En estos renglones que me permiten referirme a ese pasado, refiero una parte. Sobre él se tejen muchas historias, yo, narro lo que puedo certificar desde esa vivencia, no entro en detalles, creo que el dolor es suficiente para reproducir lo que no puede quedarse abandonado como la historia de niños entregados en adopción a familias del exterior (y lo que he podido consultar) Hoy, 40 años después siguen tratando de encontrar su identidad, no saben quiénes son sus padres, en qué fecha nacieron, lo desconocen todo. En momentos como esos, siempre hay alguien que sostiene viva la esperanza, tratando de alivianar vacíos con los que a veces se emprenden caminos.
El señor Francisco González, armerita, con su Fundación “Armando Armero”, lidera la investigación Niños Perdidos de Armero, causa humanitaria que consigue reencontrar a las familias, registrando en documentos como “El Libro Blanco y El Libro Verde”, aquellas familias y chicos de quienes se presume hay algún grado de consanguinidad.
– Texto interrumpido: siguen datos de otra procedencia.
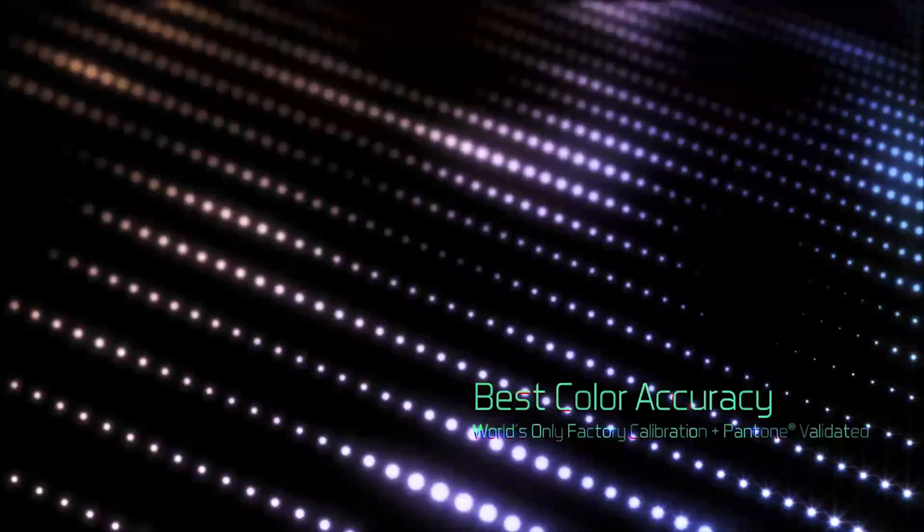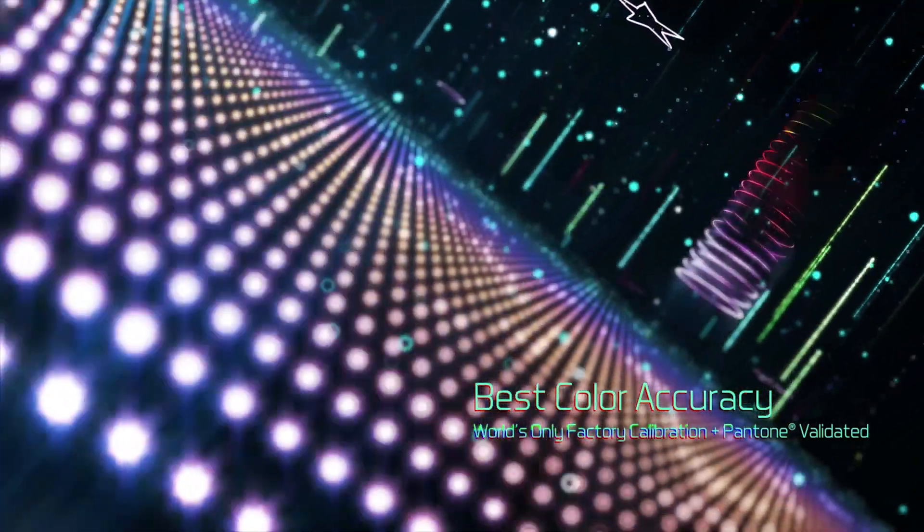Every Aero Laptop undergoes X-rite color calibration during manufacturing, and carries the Pantone color certification. It's the first dual certification to appear on creator laptops in the market.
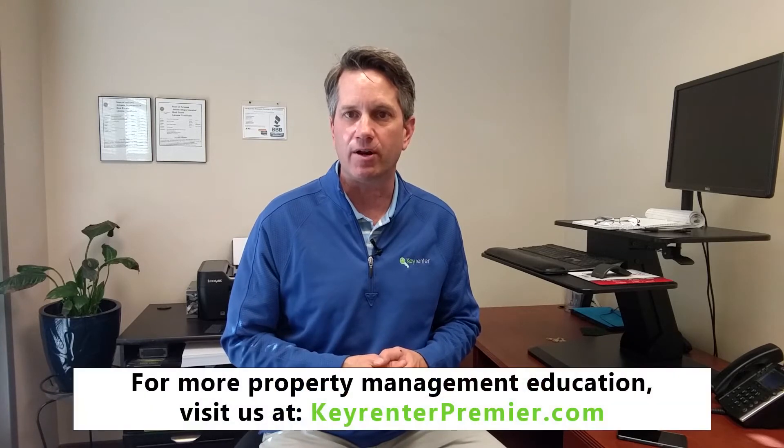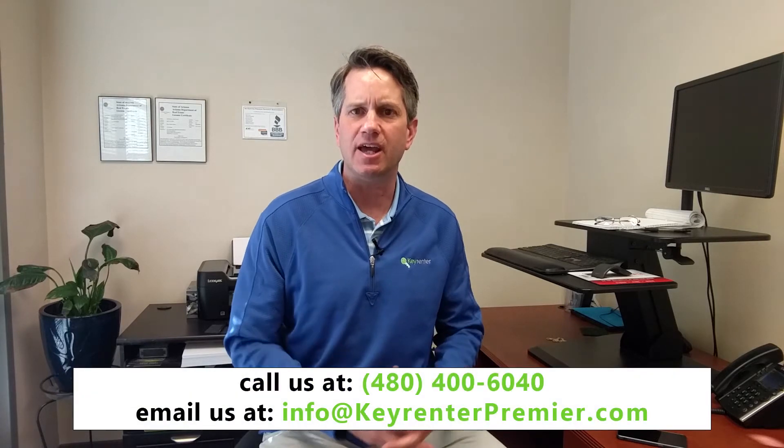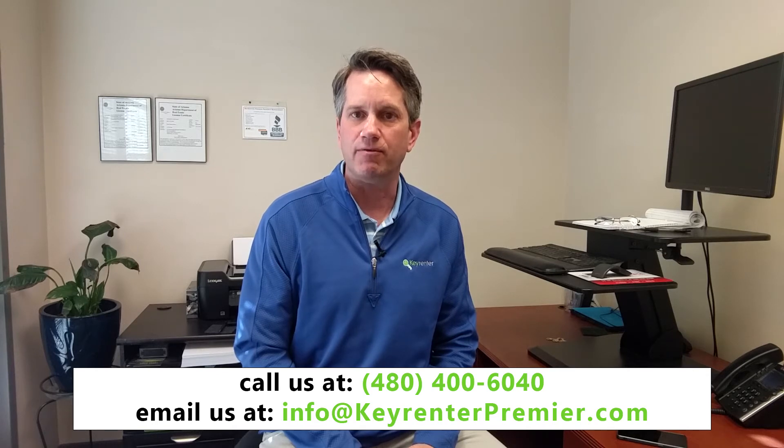Those are just some tips about getting that home you own prepared to be a rental property. These are a number of things that we can help do through our resources — we can guide you through the project and provide resources to take care of a lot of these different issues and that honey-do list you've put together before you start renting out your home. Again, my name is Jim Elfline and I'm with KeyRentor Premier Property Management. Thank you very much.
Después de realizarse pruebas de ADN, se ha logrado ese reencuentro. Tarea dispendiosa, pero ha alcanzado grandes resultados. Incluso en el programa Séptimo Día, se han evidenciado ya varios encuentros.
Sin embargo, ¿ cómo reparar el alma de tantas personas que continúan esperando el abrazo de un padre, un hijo, ese hermano o el esposo?, ¿ cómo sanar a un país herido? Hemos visto documentales que evidencian la salida de muchos rehenes del Palacio, sin poder celebrar esa reunión con sus familias, hacen parte del archivo histórico, pero, son producto de investigación. De otro lado y frente a los desaparecidos de Armero, se tiene conocimiento de chicos residiendo en Estados Unidos, en Holanda y en otros países. Ellos desconocen el paradero de sus padres.
Hay historias que dan la vuelta al mundo, algunas son el resultado de esa oralidad tan aprendida de nuestros padres; otras, testimoniadas, como estas que apenas rememoro con tristeza, ya evocarlas, estremece.
Me cuesta recrear escenas de dos grandes íconos: El Palacio de Justicia perdiendo su poder ante el fuego cruzado de balas y las llamas que lo abrasaron dejando sólo cenizas. De otro lado, la voz implacable de El Volcán Nevado del Ruiz, terminando con la historia de un pueblo orgulloso de su terruño que acogió con orgullo la visita de otras regiones de Colombia, un lugar que daba gusto recorrerlo y que hoy es un Campo Santo.
Rememorar esos momentos duele, sobre todo si se tiene en cuenta que fueron eventos anunciados, pero desatendidos. El pueblo de Armero conocía cómo se manifestaba ese León, y sobre El Palacio de Justicia, ya se tenían indicios sobre una posible toma.
Escenas como estas no quisiera repetirlas, porque, al ocupar un pequeño espacio de este planeta, la mayor motivación que se tiene es la de vivir cada día en paz, sin que la violencia sea la bandera que acompañe ese trasegar. Ojalá podamos vernos con hermandad y no para destruirnos, porque cada uno aporta un granito de arena en dicha construcción y la responsabilidad de cuidar y cuidarnos es de todos.
Entretanto los que nos sucedan, las generaciones venideras, que se ocupen de sembrar alegría, seguridad, tranquilidad, paciencia, entendida esta como ciencia para la paz. Ya hay huellas de ese pasado que no deben ser las del odio, al contrario, ¿por qué no repensar ese destino donde se pueda transitar con libertad, pero con claridad sobre lo que se posee, para que nada, ni nadie lo destruya? Que se sienta admiración y respeto por esta bella nación.